Supplied information
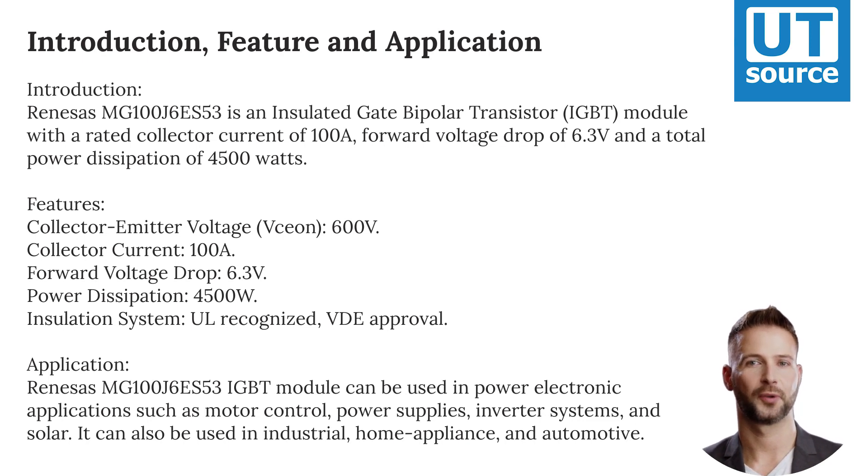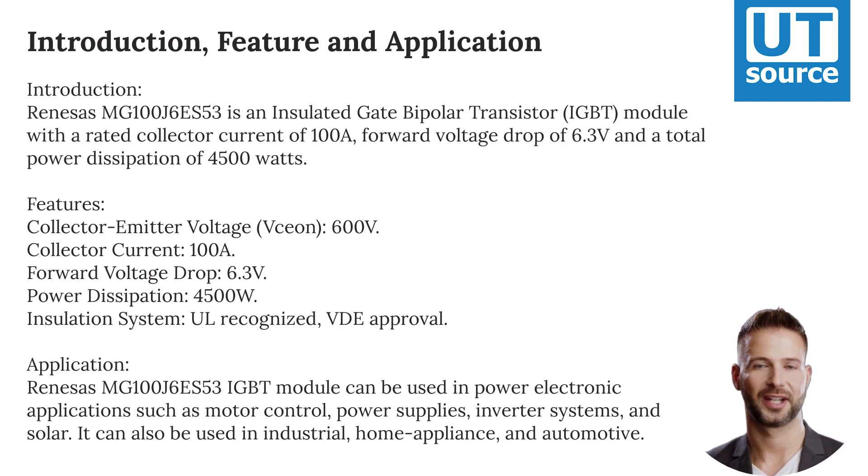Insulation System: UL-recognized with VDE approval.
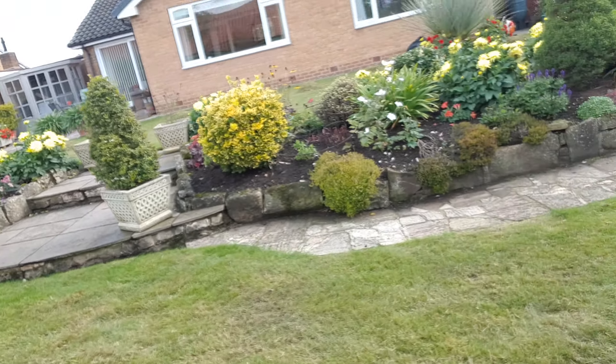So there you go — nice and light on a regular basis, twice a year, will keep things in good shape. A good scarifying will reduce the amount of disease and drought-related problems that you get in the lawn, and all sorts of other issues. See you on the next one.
* * *
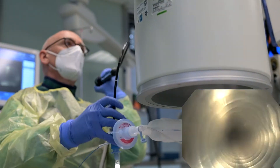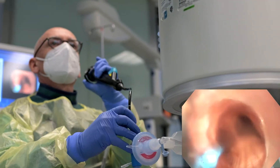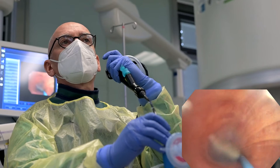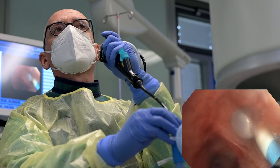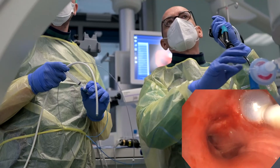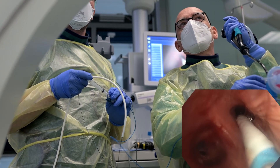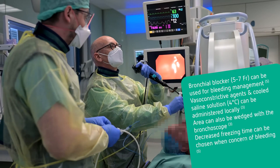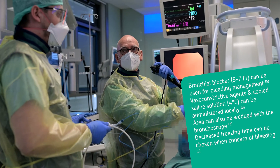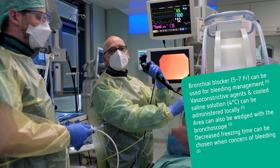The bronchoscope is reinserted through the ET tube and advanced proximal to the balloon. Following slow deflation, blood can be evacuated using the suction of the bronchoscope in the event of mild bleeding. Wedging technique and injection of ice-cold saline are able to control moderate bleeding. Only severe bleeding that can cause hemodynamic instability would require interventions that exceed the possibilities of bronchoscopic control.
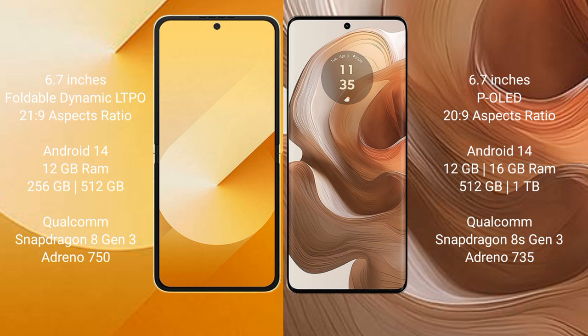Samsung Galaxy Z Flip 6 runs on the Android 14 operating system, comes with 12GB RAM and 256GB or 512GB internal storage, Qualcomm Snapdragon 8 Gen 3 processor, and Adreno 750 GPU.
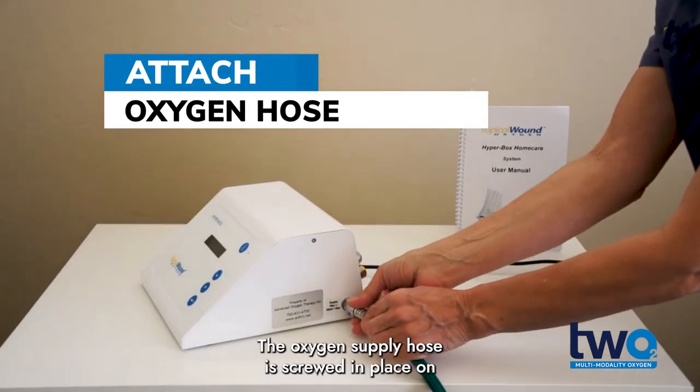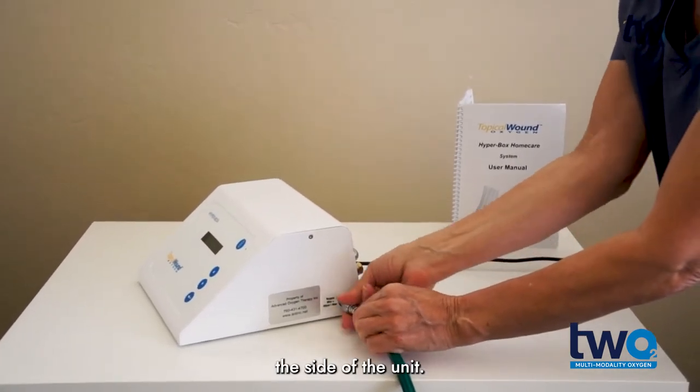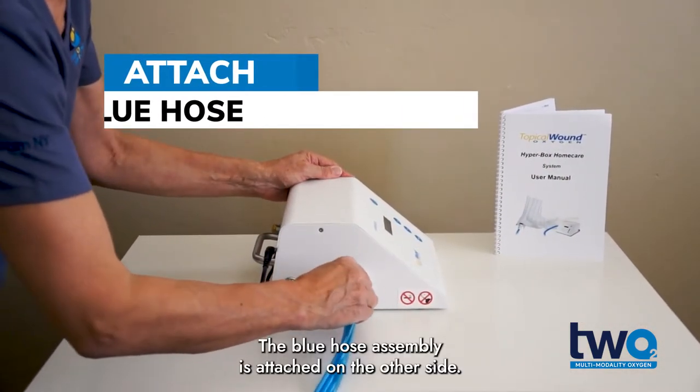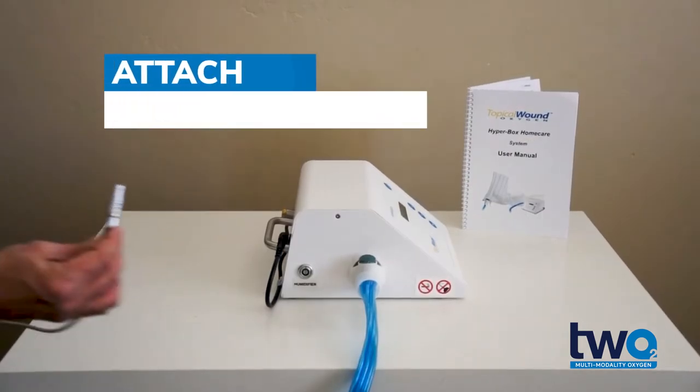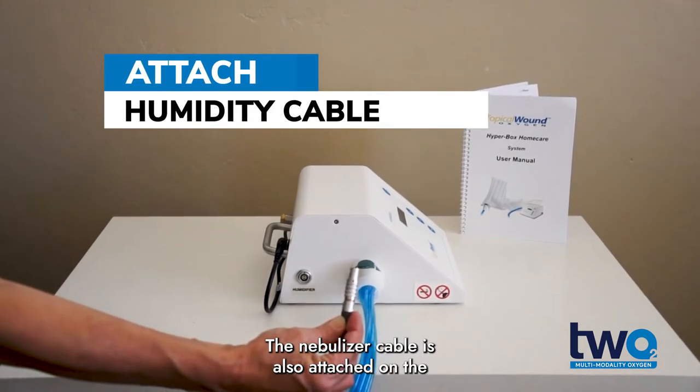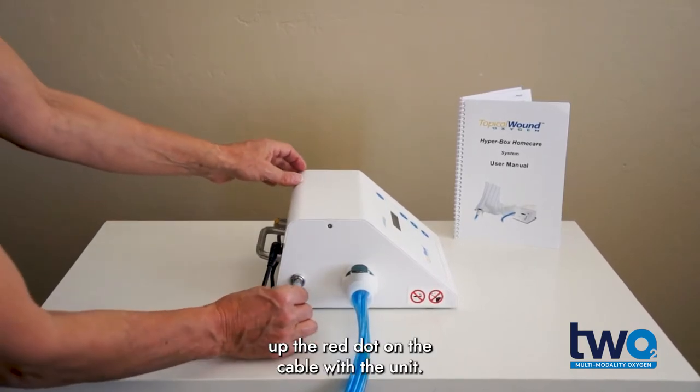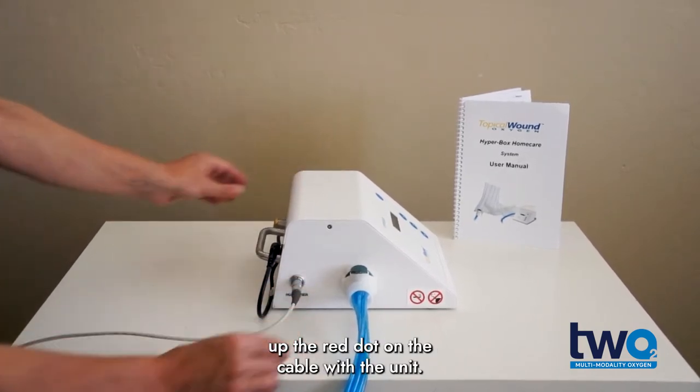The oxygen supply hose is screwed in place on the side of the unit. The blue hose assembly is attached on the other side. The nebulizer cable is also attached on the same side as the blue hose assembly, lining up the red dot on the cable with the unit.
==
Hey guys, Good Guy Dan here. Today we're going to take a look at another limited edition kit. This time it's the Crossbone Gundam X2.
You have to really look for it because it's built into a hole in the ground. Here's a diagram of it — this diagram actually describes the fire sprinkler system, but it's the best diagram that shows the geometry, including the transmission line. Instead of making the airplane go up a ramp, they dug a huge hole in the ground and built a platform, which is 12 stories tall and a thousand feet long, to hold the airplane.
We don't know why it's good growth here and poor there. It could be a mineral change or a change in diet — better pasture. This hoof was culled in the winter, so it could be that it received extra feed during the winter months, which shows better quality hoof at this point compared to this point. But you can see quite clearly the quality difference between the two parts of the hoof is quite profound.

What the task requires
From the data above, return exactly the lines from the one with "Insulation System: UL-recognized" up to and including the one with "So there you". Pictures do not go in the copy.

Finished exercise
Insulation System: UL-recognized with VDE approval.
So there you go — nice and light on a regular basis, twice a year, will keep things in good shape. A good scarifying will reduce the amount of disease and drought-related problems that you get in the lawn, and all sorts of other issues. See you on the next one.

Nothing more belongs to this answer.